The log is filled with messages like:
[    7.248479] xhci_hcd 0000:00:14.0: Command completion event does not match command
[    7.248495] xhci_hcd 0000:00:14.0: Timeout while waiting for setup device command
[   12.256347] xhci_hcd 0000:00:14.0: Timeout while waiting for setup device command
[   12.256363] usb 1-2: hub failed to enable device, error -62
[   17.264166] xhci_hcd 0000:00:14.0: Timeout while waiting for setup device command
(followed by USB hub/device enumeration)

I've tried several combinations and quirks, updating to the latest rc kernels since 3.16 (am on 4.5.0 right now) and it only seems to get worse.
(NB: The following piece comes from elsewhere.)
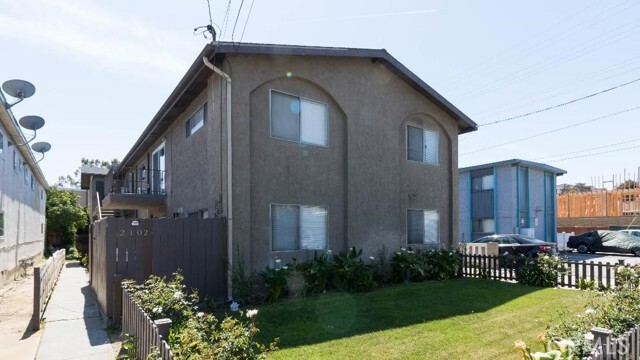 Foto principal - 2102 Mathews Ave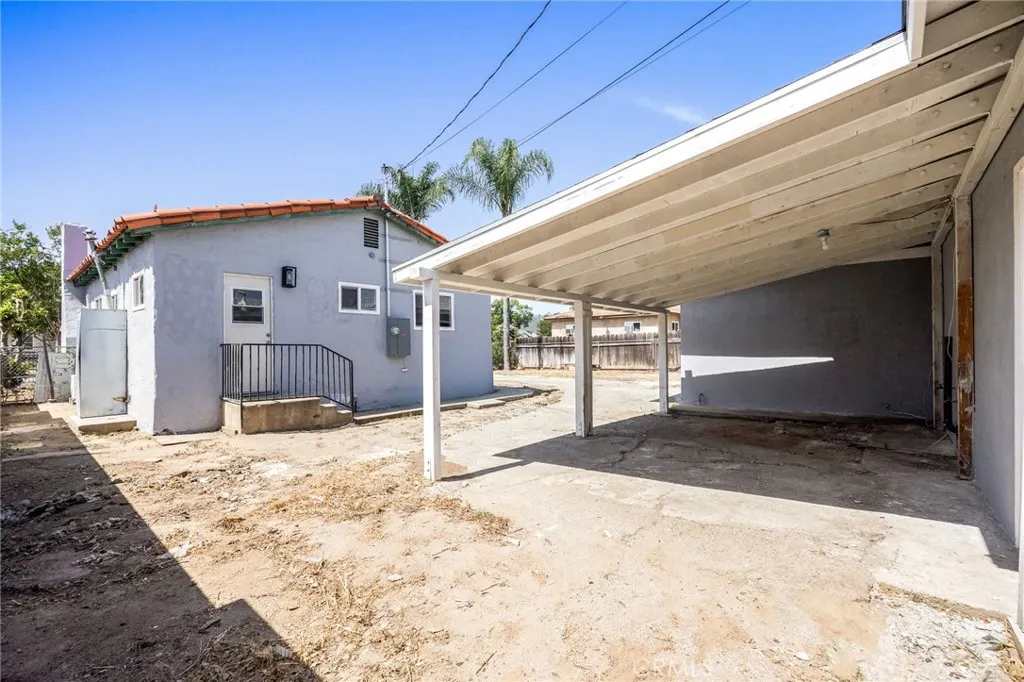 1163 W 3rd Street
Last year, on the 3.x series of kernels occasionally after a reboot the 'bios' would go through quickly and fine and also no problems loading the module and logging in. But now it always fails.

Additionally it (may or may not) seems to cause the internal usb card reader to not even show up almost all of the time, though under OSX it works fine. There is/was a known issue with this cardreader where it would disappear after a suspend.
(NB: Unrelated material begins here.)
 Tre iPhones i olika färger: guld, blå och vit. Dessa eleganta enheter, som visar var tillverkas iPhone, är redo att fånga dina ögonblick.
Adding various seemingly related intel usb3 quirks I had no change, as I think all of them are already applied to this chipset.

I'm guessing that somehow the usb chipset has some configuration option miss-set (which persists over reboots/power down) and the driver doesn't quite understand it.
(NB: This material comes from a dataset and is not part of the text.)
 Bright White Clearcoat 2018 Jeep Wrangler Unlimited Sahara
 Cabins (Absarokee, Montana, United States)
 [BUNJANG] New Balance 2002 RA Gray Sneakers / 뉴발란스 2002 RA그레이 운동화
Unfortunately it seems that this chipset does not work in pure USB2.0 (ehci) mode and needs the xhci module to work at all, so even falling to USB2 is no option. Also disconnecting all USB perhipials is nearly impossible as the touchpad, bluetooth cardreader and keyboard are internally all wired to USB.

I'm attaching 3 dmesg logs with various kernels and levels of debugging information. I tried to google for errors from these logs, but to no avail.
Comment 1 Oliver 2016-04-01 11:29:52 UTC
Created attachment 211381 [details]
lots of xhci spewing with usb debug output enabled
Comment 2 Oliver 2016-04-01 11:31:29 UTC
Created attachment 211391 [details]
dmesg on 4.4.0-rc2 with broken usb output
Comment 3 Greg Kroah-Hartman 2016-04-01 14:52:53 UTC
On Fri, Apr 01, 2016 at 11:29:19AM +0000, bugzilla-daemon@bugzilla.kernel.org wrote:
> https://bugzilla.kernel.org/show_bug.cgi?id=115741
> 
>             Bug ID: 115741
>            Summary: XHCI is slow during boot (bios/efi) and leaves many
>                     dmesg messages

Please send to the linux-usb@vger.kernel.org mailing list.
Comment 4 Felipe Ortiz 2016-05-26 05:17:46 UTC
Hi I have a very similar issue I use Debian with kernel 4.5 in a macbook pro 12.1
boot take a long time before show grub, but when it appear the keyboard is almost useless... you have a "windows time" where the keyboard respond this "windows" are random, they come and go, the best opportunity is press enter key before grub pops up (with this boot with default entry) this erratic behavior is present in all "special boot options" of the macbook pro (see https://support.apple.com/en-us/HT201255) the touch pad have the same problems. One of this special boot options (pressing "D") is a hardware diagnostics in this test my card reader show an error VDC001. On OSX the card reader work fine, but Debian cannot see it.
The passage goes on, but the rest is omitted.